Hacker News new | ask | show | jobs
by jfabre 1704 days ago
I never understood this argument. In what kind of shop are you working that passing a string named person to a method expecting an object is tolerated. Or even passing different types that don't share a common interface.

This would never fly in a code review in any of the companies I've worked for.

7 comments

I've seen essentially this code in so many organically grown codebases (when they grew up without types). It's usually close the the UI, because someone had to quickly add an alternate path to support some new user interaction

    function find_user(person) {
        if user is string {
            query_by_name(person)
        } else {
            query_by_name(person.name)
        }
    }
and yeah, we all know it's kinda messy, but also that logic has to live somewhere and we need this feature asap so it passes code review. I wrote a test for it, ship it.
I came very close to writing almost this exact code just the other day (except it was username or user id for me), but came to my senses. It's just so tempting in a dynamic language...

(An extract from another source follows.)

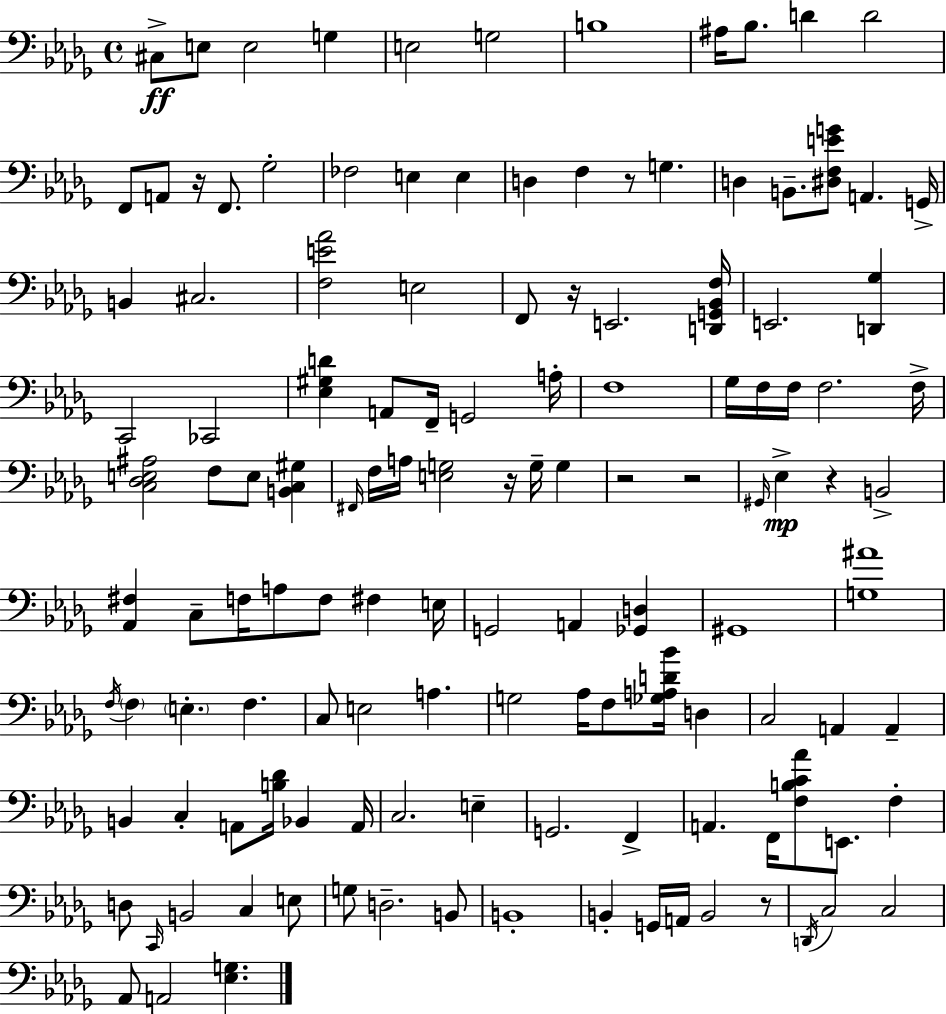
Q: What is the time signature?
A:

In a static language, you either can't do it, have to really go out of your way to do it, or at least do function overloading (which is a bit cleaner)

Calling a function like this “ensureUser” is pretty idiomatic and useful, in lisp-style code bases. I think it’s a pattern related to “parse, don’t validate” in static-type lands: rather than _checking_ what the type is and throwing an error, you define a function that knows how to turn various representations of your type into its canonical shape.
Sounds like a brilliant case for multiple-dispatch.
Right so we have:

    function find_user(person: string)
and also:

    function find_user(person: Object)
how long before someone writes this:

    find_user(person: { name: "dave" })
meanwhile, someone else, not suspecting that they'll be handed a weird half-formed `User` object adds `person.id` somewhere in the body of the Object version of `find_user` and now we have a weird edge-case where very rarely `find_user` panics because the user object we're handed doesn't have an id??? Great, I just lost an hour trying to dig that out of the logs, and the users are starting to think of the product as flakey because the bug has been in prod for over a month before we finally believed them enough to look into it.

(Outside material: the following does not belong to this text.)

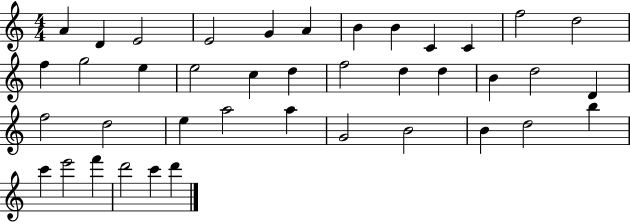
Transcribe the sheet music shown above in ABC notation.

Just. Use. Types. Multiple dispatch won't save you on its own. You NEED compile-time types.

Somebody downvoted you, I'm guessing because they think this is a silly example and have never actually seen something like this. I have, in a production code base.
Multiple dispatch and compile time times are not exclusive at all.
I'm saying the problem isn't solved by multiple dispatch alone, but it is solved by compile time types alone. You can use both together, of course.
The issue whether the language is interpreted or compildd (which would distinguish compile time types from strong types) is in my opinion completely orthogonal to the issue of how dispatch works. Strong types and multiple dispatch fix the issues I see even in an interpreted language.
This was probably just a silly example for a quick explanation.

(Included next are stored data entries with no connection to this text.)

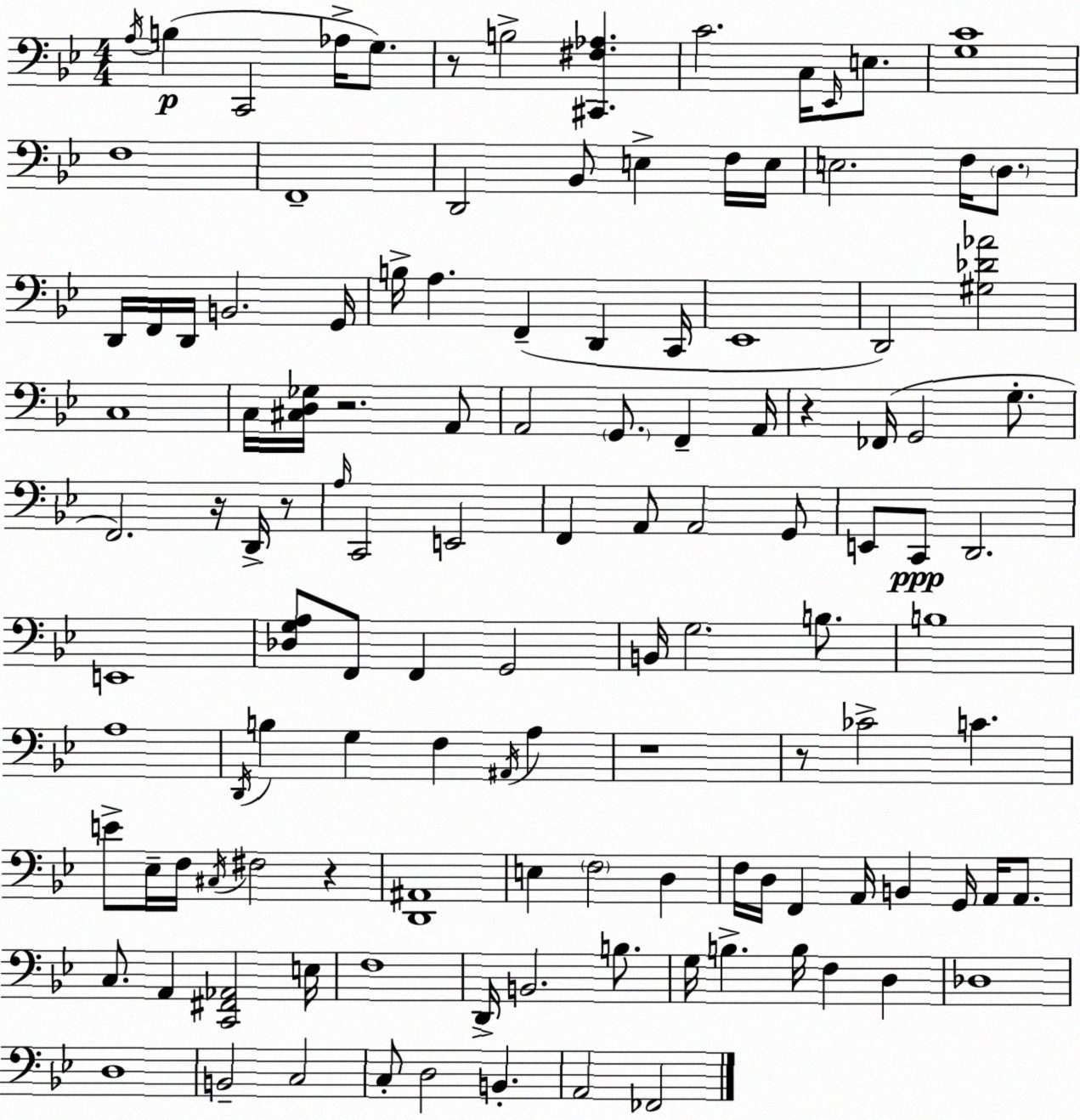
X:1
T:Untitled
M:4/4
L:1/4
K:Bb
A,/4 B, C,,2 _A,/4 G,/2 z/2 B,2 [^C,,^F,_A,] C2 C,/4 _E,,/4 E,/2 [G,C]4 F,4 F,,4 D,,2 _B,,/2 E, F,/4 E,/4 E,2 F,/4 D,/2 D,,/4 F,,/4 D,,/4 B,,2 G,,/4 B,/4 A, F,, D,, C,,/4 _E,,4 D,,2 [^G,_D_A]2 C,4 C,/4 [^C,D,_G,]/4 z2 A,,/2 A,,2 G,,/2 F,, A,,/4 z _F,,/4 G,,2 G,/2 F,,2 z/4 D,,/4 z/2 A,/4 C,,2 E,,2 F,, A,,/2 A,,2 G,,/2 E,,/2 C,,/2 D,,2 E,,4 [_D,G,A,]/2 F,,/2 F,, G,,2 B,,/4 G,2 B,/2 B,4 A,4 D,,/4 B, G, F, ^A,,/4 A, z4 z/2 _C2 C E/2 _E,/4 F,/4 ^C,/4 ^F,2 z [D,,^A,,]4 E, F,2 D, F,/4 D,/4 F,, A,,/4 B,, G,,/4 A,,/4 A,,/2 C,/2 A,, [C,,^F,,_A,,]2 E,/4 F,4 D,,/4 B,,2 B,/2 G,/4 B, B,/4 F, D, _D,4 D,4 B,,2 C,2 C,/2 D,2 B,, A,,2 _F,,2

  But all it takes is a method that expects an integer Id to receive a string representation of said id because of some obscure path in code that notwithstanding your 100% line coverage the team is so proud of, was never exercised on tests because nobody can have 100% branch coverage
In C++ you're only ever one missing "explicit" from introducing such problems.

Suppose I call fire(bob). Programmers from other languages might reason that since fire is a function which takes a Person, bob must be a Person. Not in C++. In C++ the compiler is allowed to go, oh, bob is a string and I can see that there's a constructor for Person which takes a string as its only argument, therefore, I can just make a Person from this string bob and use that Person then throw it away.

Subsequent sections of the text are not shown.